Task to carry out —
Give the listing again, word for word, and let no picture into it.

Data extract —
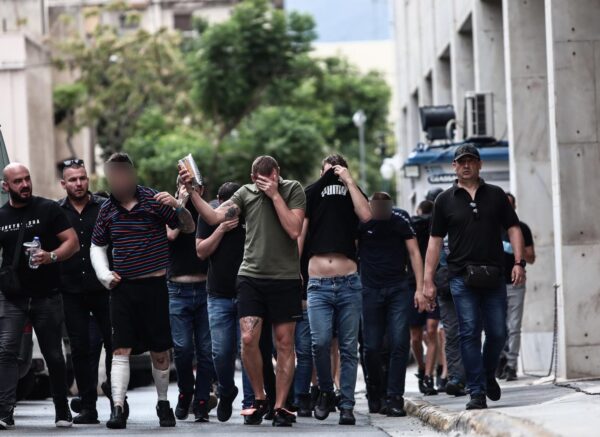 Posljednja skupina privedenih navijača u Ateni izlazi pred sudskog istražitelja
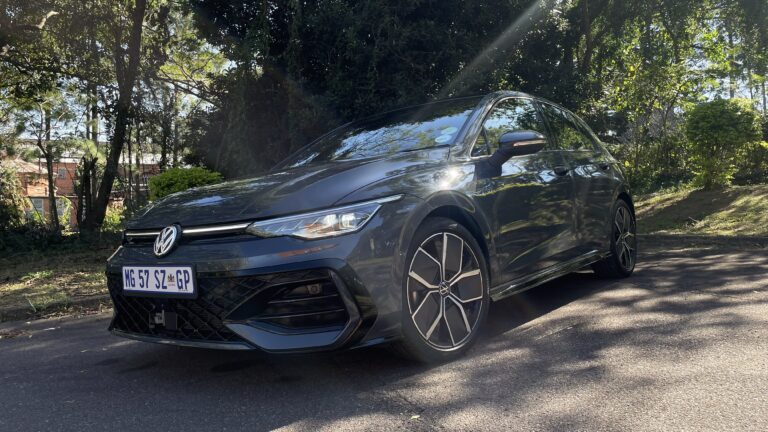 Review : Volkswagen Golf 8.5 TSI R Line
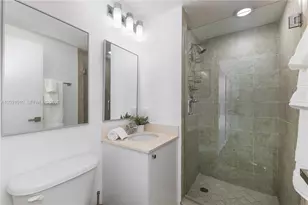 60 SW 13th St, Miami, FL 33130 - Photo 19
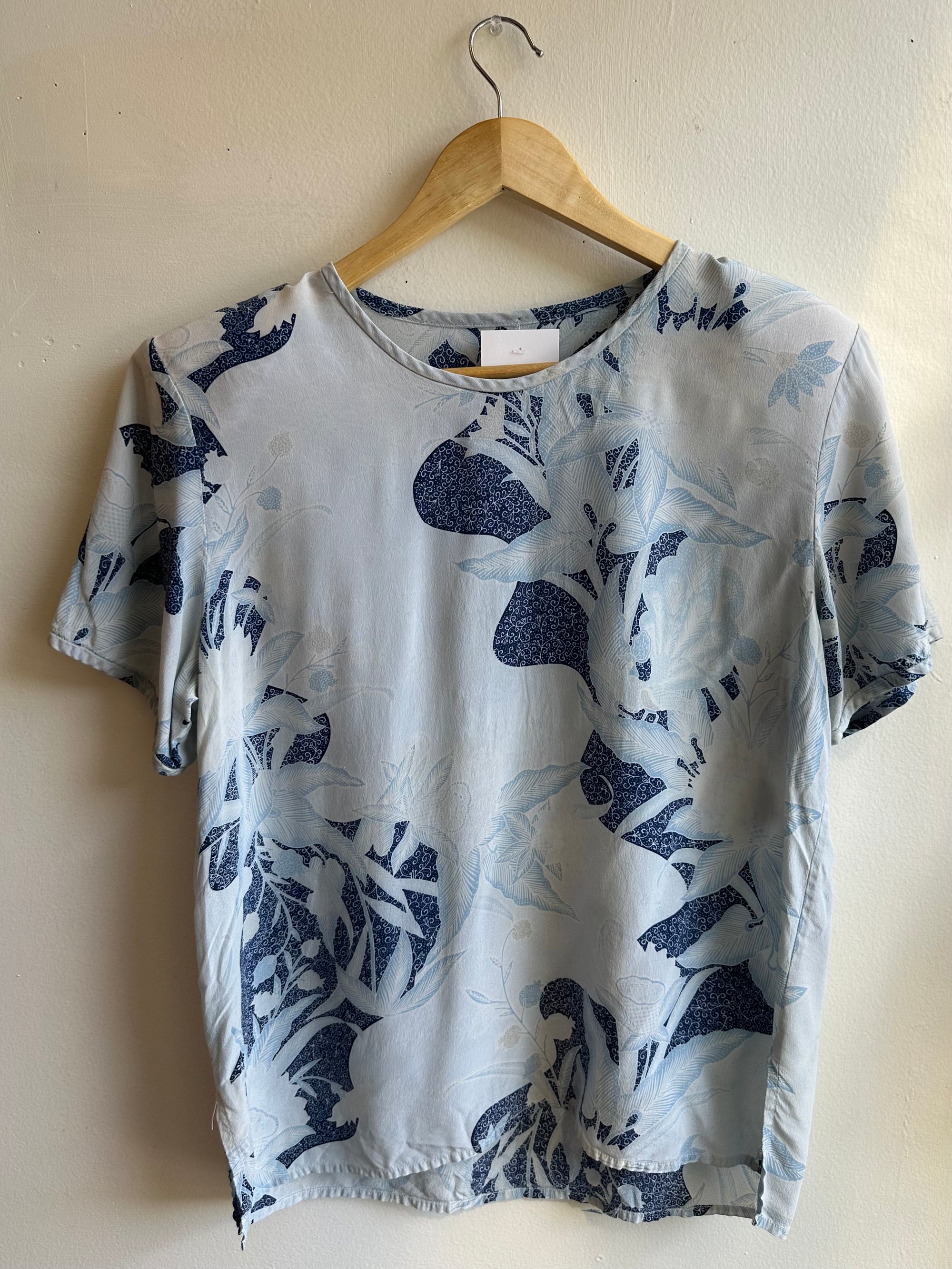 Vintage Soft Sky 100% Silk Tee | Indigo + Cream | Size Medium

Solution for this exercise —
 Posljednja skupina privedenih navijača u Ateni izlazi pred sudskog istražitelja
 Review : Volkswagen Golf 8.5 TSI R Line
 60 SW 13th St, Miami, FL 33130 - Photo 19
 Vintage Soft Sky 100% Silk Tee | Indigo + Cream | Size Medium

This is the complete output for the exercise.